### WHAT YOU SHOULD DO:
When you write out the listing, keep each word exactly as it stands but include none of its images.
= Beginning of Section =
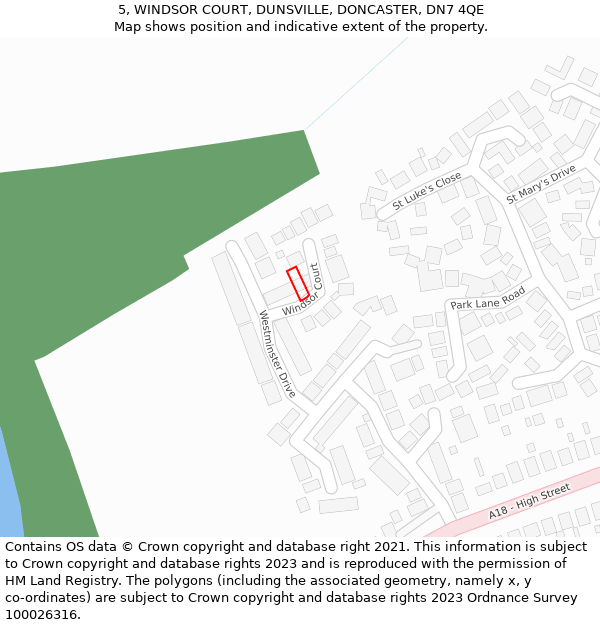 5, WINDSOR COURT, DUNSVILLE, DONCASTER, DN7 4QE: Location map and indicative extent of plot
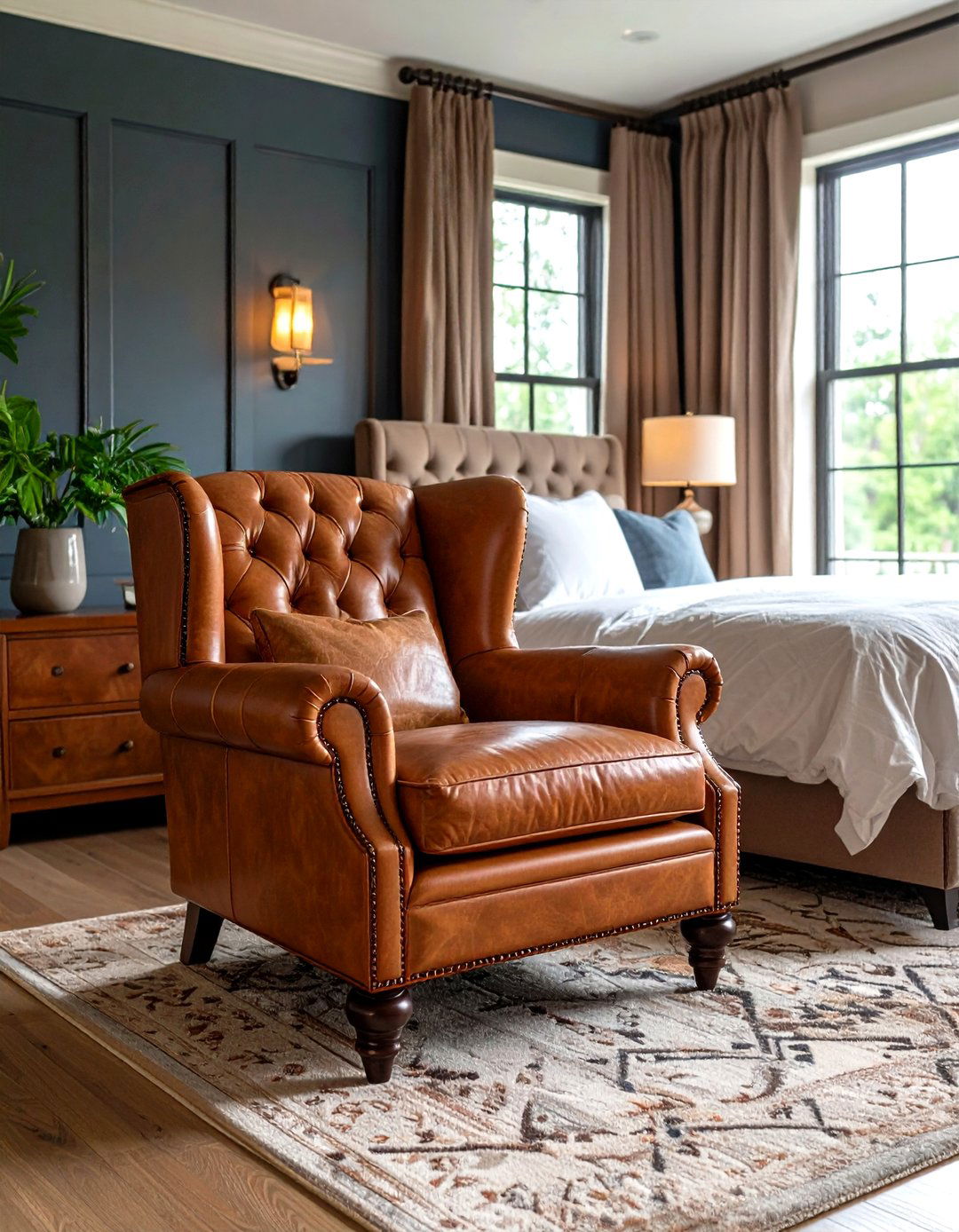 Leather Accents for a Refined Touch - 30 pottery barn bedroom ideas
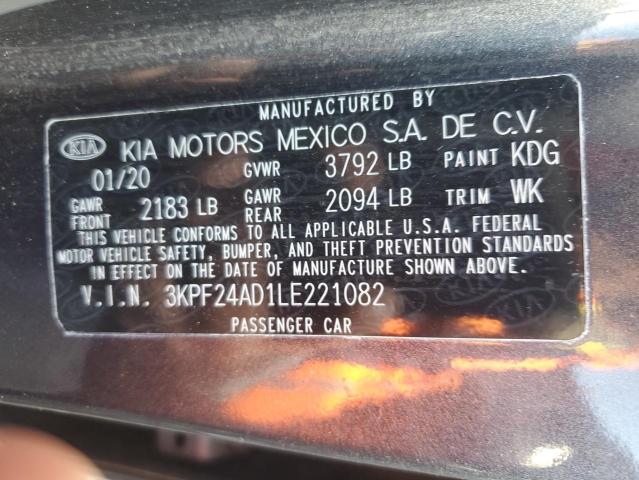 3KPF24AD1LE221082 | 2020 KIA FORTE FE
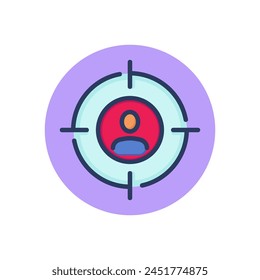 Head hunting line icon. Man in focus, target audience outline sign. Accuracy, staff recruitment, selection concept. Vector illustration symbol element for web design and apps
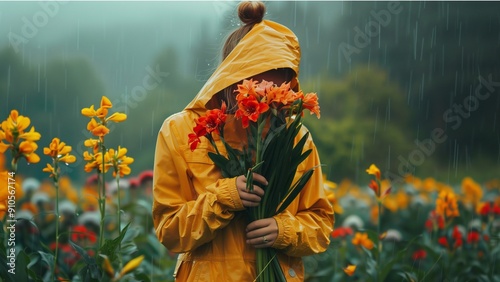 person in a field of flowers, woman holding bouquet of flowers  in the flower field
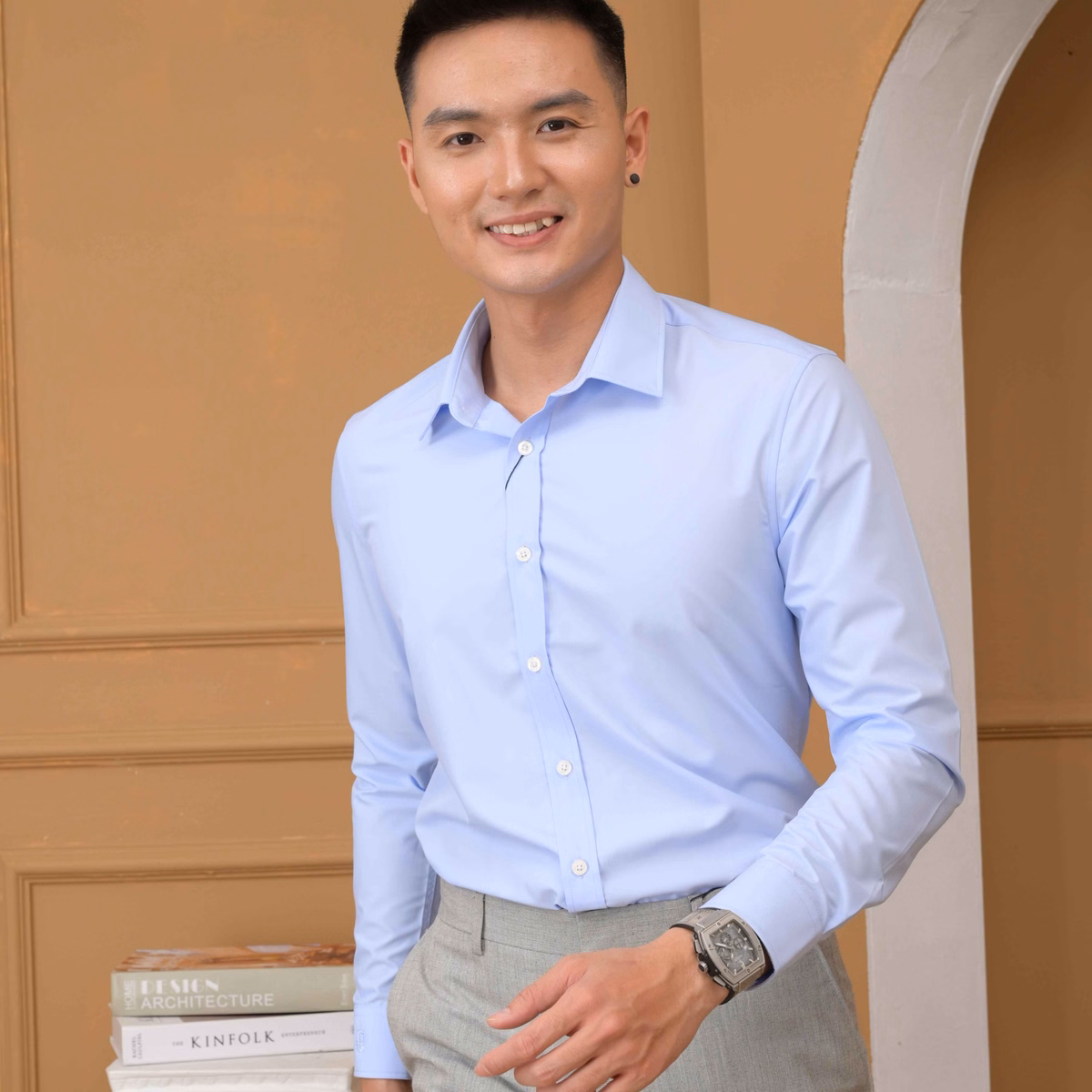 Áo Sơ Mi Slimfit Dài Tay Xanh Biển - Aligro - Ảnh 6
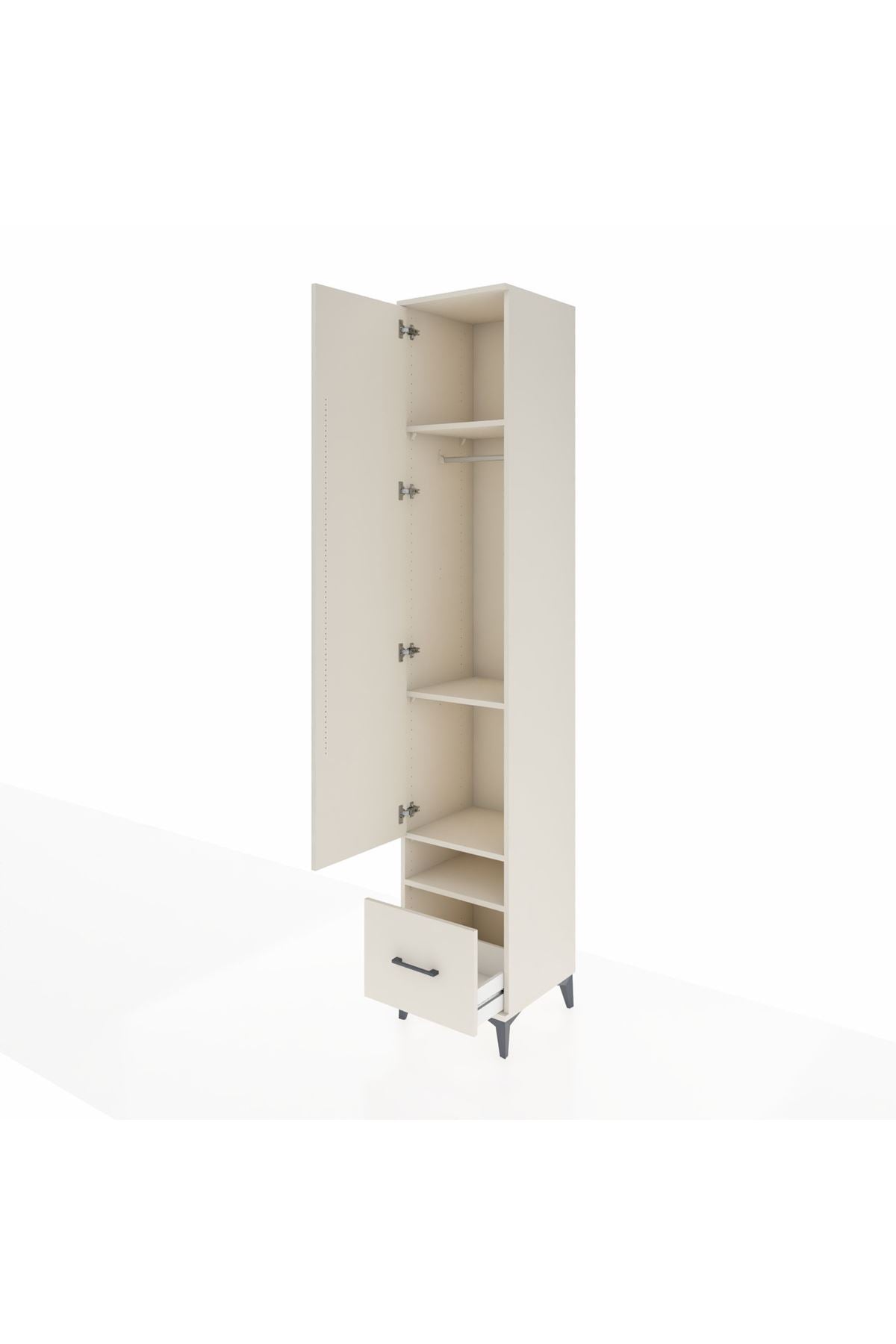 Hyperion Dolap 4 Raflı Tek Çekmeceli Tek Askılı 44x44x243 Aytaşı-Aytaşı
= End of Section =
### WRITTEN ANSWER:
 5, WINDSOR COURT, DUNSVILLE, DONCASTER, DN7 4QE: Location map and indicative extent of plot
 Leather Accents for a Refined Touch - 30 pottery barn bedroom ideas
 3KPF24AD1LE221082 | 2020 KIA FORTE FE
 Head hunting line icon. Man in focus, target audience outline sign. Accuracy, staff recruitment, selection concept. Vector illustration symbol element for web design and apps
 person in a field of flowers, woman holding bouquet of flowers  in the flower field
 Áo Sơ Mi Slimfit Dài Tay Xanh Biển - Aligro - Ảnh 6
 Hyperion Dolap 4 Raflı Tek Çekmeceli Tek Askılı 44x44x243 Aytaşı-Aytaşı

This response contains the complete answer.